This collection of three buttons is from an Apple Distinguished Educator (ADE) event during which ADEs learned about the “Yes, and…” principle of improvisational comedy, or “improv.”
Improv comedy performers work together to “define the parameters and action of the scene, in a process of co-creation.” An improv performer must accept the premise of another performer (i.e., “yes,”) and then add to it (i.e., “and…”). “It is the responsibility of the other improvisers to accept the offers that their fellow performers make… Accepting an offer is usually accompanied by adding a new offer, often building on the earlier one” (Wikipedia).
Modern improvisational comedy began to be formalized in Chicago, through exercises developed by Viola Spolin, who influenced “the first generation of modern American improvisers at The Compass Players in Chicago, which led to The Second City” (Wikipedia).
At this ADE event, we used the “Yes!…and” idea as a foundation for educational collaboration. Educators worked in small groups with San Francisco-based improv performer/teacher Rebecca Stockley to learn the concept.

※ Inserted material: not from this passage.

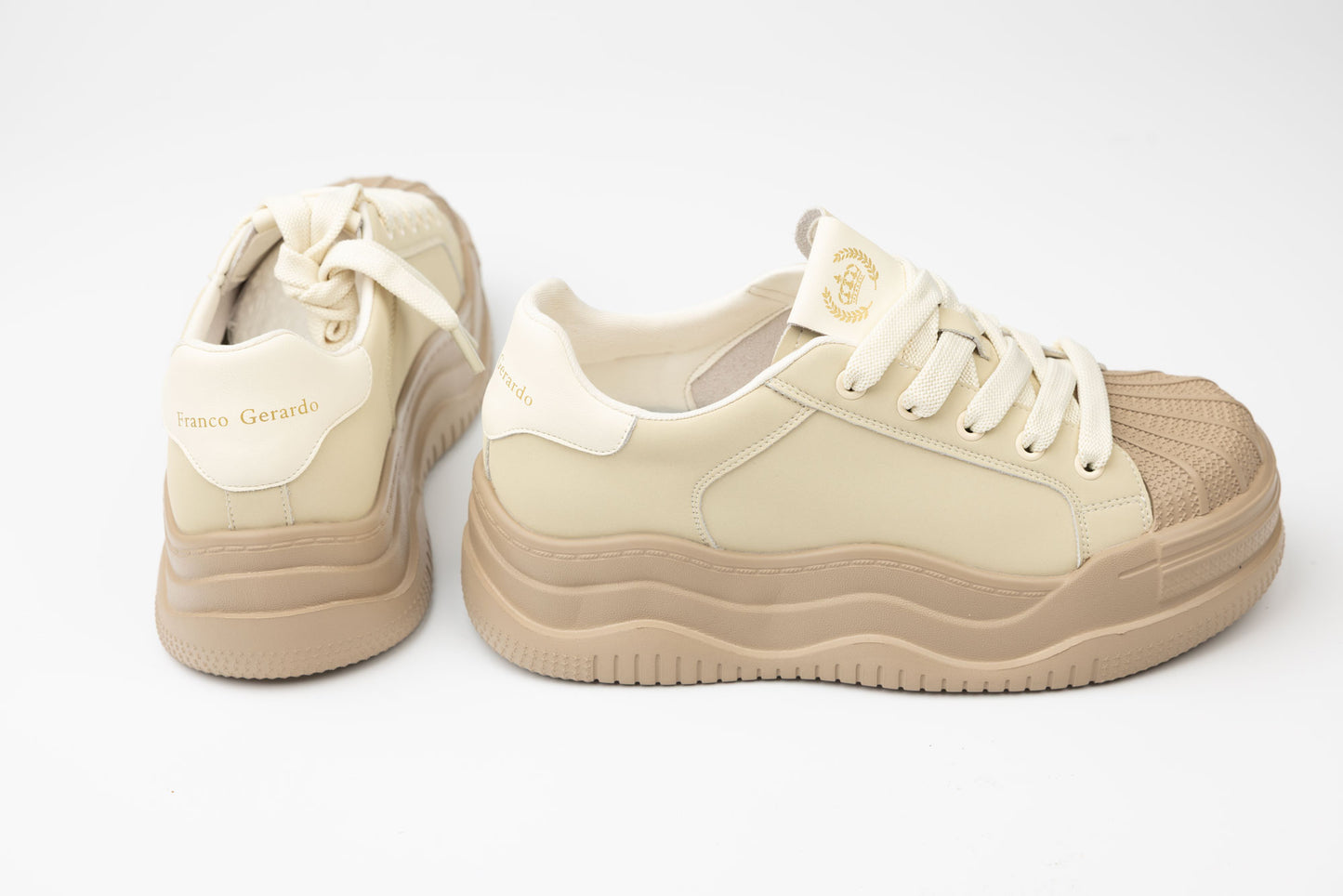 Adidași damă FRANCO GERARDO 7975 Crem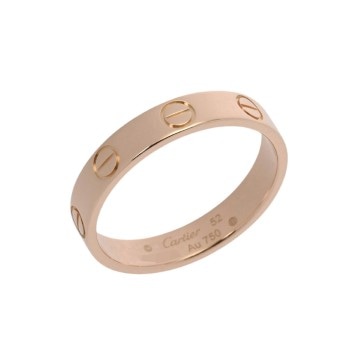 カルティエ ミニラブリング #52 ピンク K18ピンクゴールド PG レディース ジュエリー 【中古】【jewelry】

One of the white buttons features the Apple Distinguished Educators logo of the time (an iMac with a woodcut design with the Apple Distinguished Educators logotype) and the words Yes!…and, in the Myriad Apple font. Another button features the words Yes!…and, in the Myriad Apple font superimposed over a gray world map on a white button. A third, smaller button with a black background features the words Yes…And! in white in the Gill Sans font (used in the Newton product line from 1993–1998).